Every aircraft registered with the FAA (N-numbered) has an Airworthiness Certificate of some kind. The three types of Airworthiness certificates are Standard, Special, and Experimental.
Standard applies to factory-built aircraft like Cessnas and Boeings. They are built to an FAA-approved design with FAA oversight of the producer’s quality control system. No changes are allowed to the aircraft without manufacturer or FAA approval. These aircraft undergo millions of dollars worth of testing to earn their Standard Airworthiness Certificates. These aircraft can be rented and used commercially, carrying passengers and cargo for hire.
Special applies to factory-built aircraft in the Light Sport realm, that are produced to an FAA-accepted standard, but do not have direct FAA oversight of production and quality control. These aircraft can be rented but are not used to carry passengers and cargo for hire. They can be rented to a person for their flight training, but not used for point to point transportation like an airline.
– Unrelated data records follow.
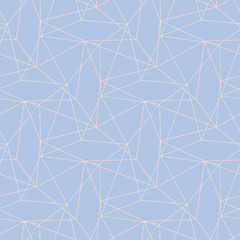 Blue geometric seamless pattern. Background with beige and pink elements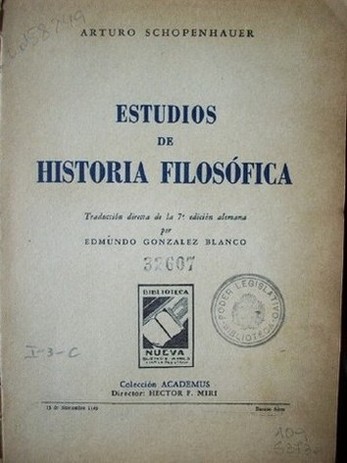 Estudios de historia filosófica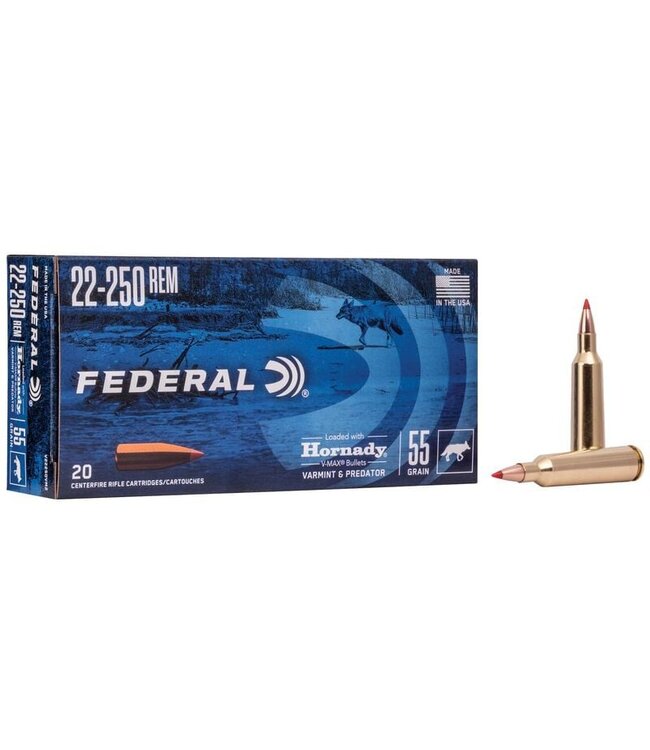 Federal Varmint & Predator .22-250 REM 55 GRAIN V-MAX 20Rds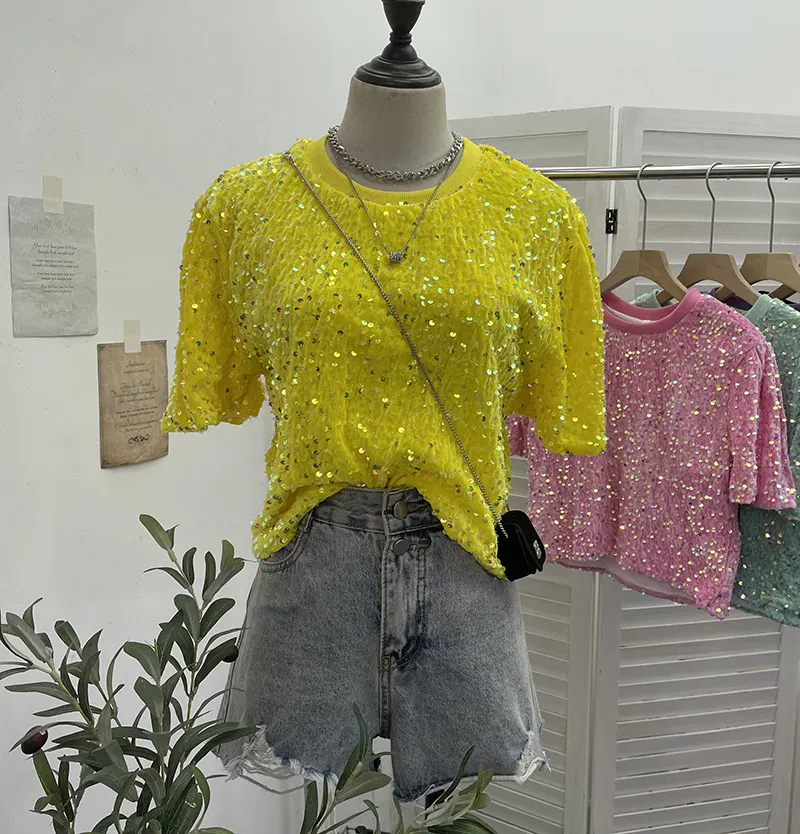 Nigikala Nigikala Sequin Short Sleeve T-Shirt 2025 Spring And Summer Korean Version Of Loose Night Club Bling Top 9088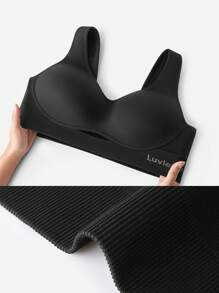 LUVLETTE Plus Dream Curve 无缝无线无缝镂空健身运动文胸 - 黑色 - 查看 8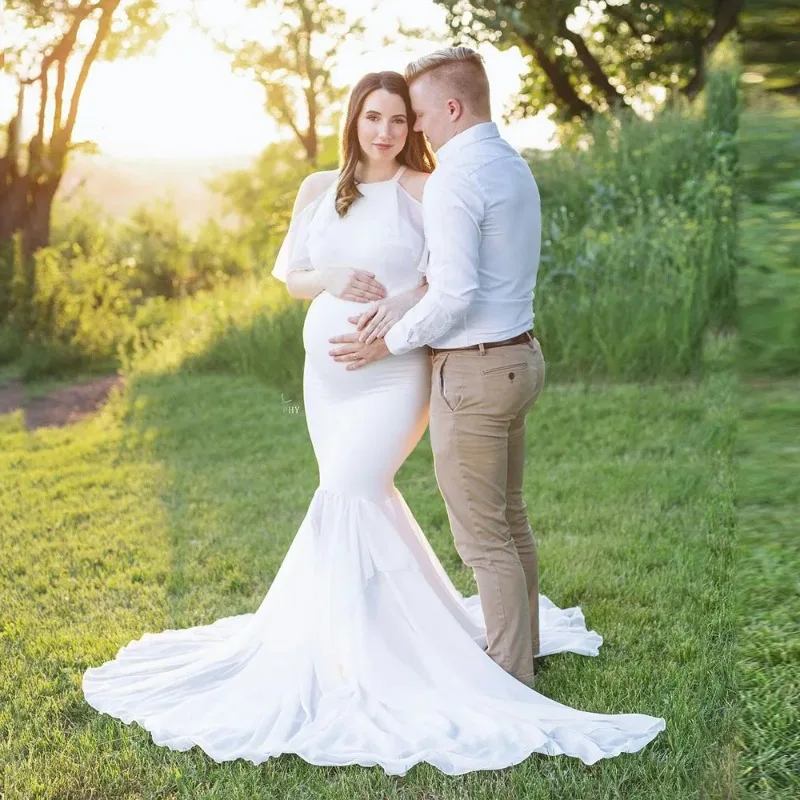 Vestido de maternidad con volantes y hombro descubierto para fotos - imagen 3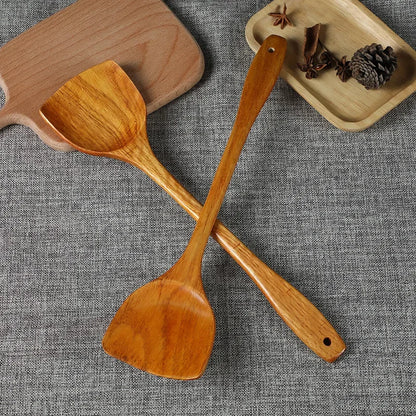 Bamboo Wood Spatula 39cm – Long Handle Wooden Cooking Spatula Safe for Non-Stick Pans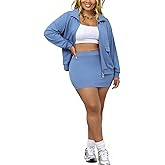 Ophestin 2 Piece Skirt Sets for Women Casual Outfits Workout Sets Zipper Jacket and Mini Skorts Suit Athletic Clothing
Experimental is a broad category that applies to any aircraft that never earned a Standard or Special airworthiness certificate. It covers everything from home-built aircraft to huge warbirds and fighter jets. Many interesting aircraft on display and performing at airshows carry the Experimental airworthiness certificate. Sleek new innovative aircraft are typically Experimental as they are being developed and tested. After they are proven and have sufficient market demand, their manufacturer may put together a test program to earn Special or Standard airworthiness certificates.
Most older trikes are Experimental Light Sport Aircraft (ELSA). When the FAA started the Sport Pilot and Light Sport Aircraft regulations in 2006, they had a program to get these previously unregistered aircraft into the FAA N-number system. Large numbers of trikes and other light aircraft became registered with the FAA as Experimental Light Sport aircraft. The FAA issued them Airworthiness Certificates, Operating Limitations and N-numbers just like all other FAA-registered aircraft have.
Aircraft manufacturers register the new aircraft we build as Special Light Sport Aircraft (SLSA). To keep the Special Airworthiness Certificate, the aircraft must stay in its factory configuration and be professionally maintained. No changes or modifications are allowed without factory approval. An SLSA can be used for hire. An owner can rent the SLSA aircraft to other pilots. An instructor or flight school can rent the SLSA to their students. When used for hire, the SLSA aircraft must have a condition inspection every 100 flight hours, same as other aircraft used commercially.
Aircraft manufacturers can also produce new aircraft with Experimental Airworthiness Certificates. We produce the aircraft as an SLSA but then exchange the Special airworthiness certificate for an Experimental certificate. An ELSA aircraft can be modified and maintained by the owner but cannot be rented to others. If you want the flexibility of doing your own maintenance, adding accessories and modifications whenever you want without outside approval, choose the Experimental airworthiness certificate.